D’altra parte, quando lenta, ostinata e inesorabile, un’ora prima sfiorava i palazzi, le cupole e i campanili più agili e ariosi del mondo, noi, che da un’altana osservavamo il suo bocca a bocca con Palazzo Ducale, San Giorgio Maggiore, la chiesa della Salute, avevamo la netta impressione che la nave fosse Venezia, e che la città senza radici e senza identità fosse invece questa Msc Preziosa, con il suo esotismo omologato, il dominio di un ordine finto al di là di ogni misura e di ogni codice, il triangolo delle Bermude delle identità perdute delle città del mondo ormai alla deriva, il luccicante spazio-spazzatura inventato dall’architetto Koolhaas che proprio quest’anno dirigerà la Biennale: 140mila tonnellate di junkspace, 68 metri d’altezza, 4.345
passeggeri, 1.751 cabine, 97 suite con maggiordomo personale in tight e guanti bianchi, il teatro Platinum con 1.600 posti, 4 piscine, 12 jacuzzi, 9 ristoranti (uno Eataly) e 26 ascensori per portare Astolfo sulla Luna.
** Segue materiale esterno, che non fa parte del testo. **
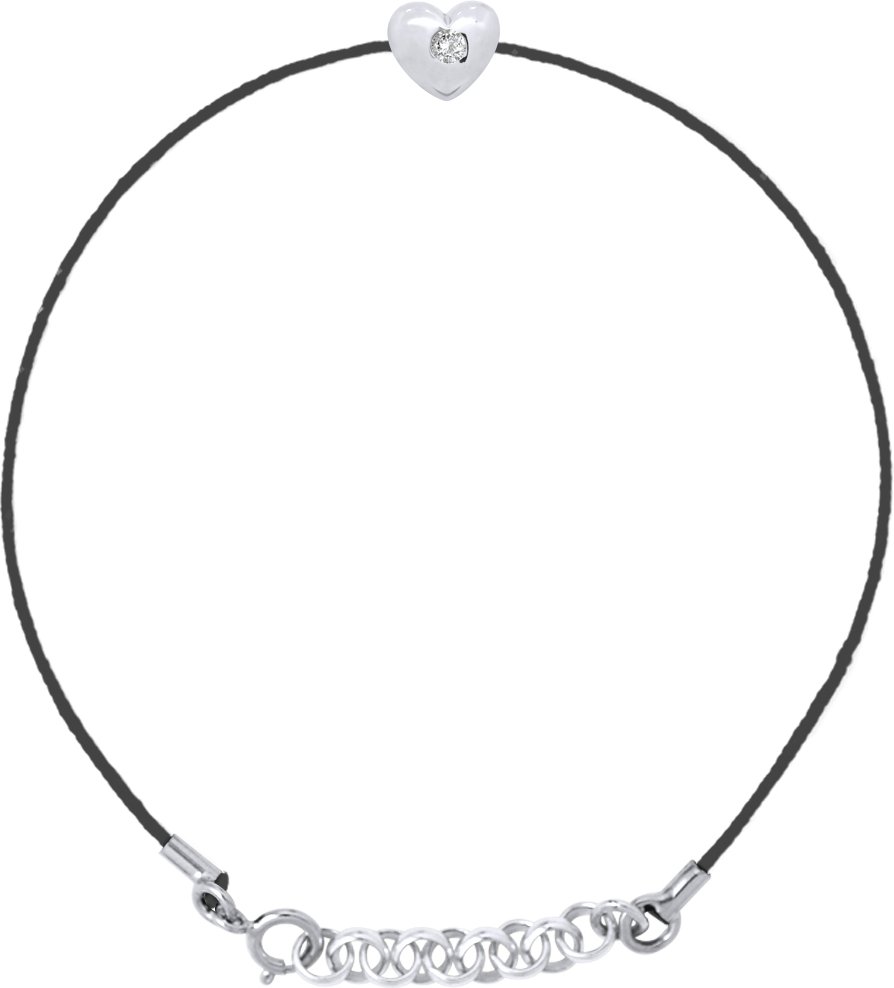 DIADEMA - Armband - Schwarzes Nylon - Herz - Echter Diamant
È sbucata dal buio la nave più grande d’Europa: 333 metri di puntini luminosi e l’insegna “Msc Preziosa” accesa sul ponte più alto. Molto presto, però, il chiarore del cielo ha sbiadito le luci e ha mostrato soprattutto i fumi dei suoi dodici camini, forme nere disegnate dal vento che solo apparentemente sono uguali perché invece ogni nave ha le sue, come fossero impronte digitali. «A me non pare King Kong a New York» mi ha detto, delusa, una vecchia signora tedesca che con me si è impossessata di questa torretta. È vero che «non sbanda, non spaventa e non si inchina » come mi dirà dopo la guardia costiera che l’ha scortata, ma la Preziosa è sicuramente una non-nave già quando scivola tra le lingue di sabbia della bocca del Lido senza quel movimento agile e rotondo “da cigno” che fece innamorare Hegel. «Lo strumento la cui invenzione fa il più grande onore tanto all’arditezza quanto all’intelligenza dell’uomo» è qui umiliato dal suo stesso armatore italiano che lo ha ridotto a “fun ship”, con quello scivolo, pensate!, chiamato “vertigo”: «120 metri di curve e tornanti da brivido». Ed è umiliato anche dalla burocrazia perchè il Tar non è il rullo di legno e la slitta che Maometto applicò alle sue navi quando, invece di solcare il mare, scalarono la montagna per espugnare Bisanzio, ma è il torpido trucchetto all’italiana, la proroga, il rinvio col cerone di legalità. Sembra il tanko dei serenissimi finalmente a San Marco. È il futurismo in pretura.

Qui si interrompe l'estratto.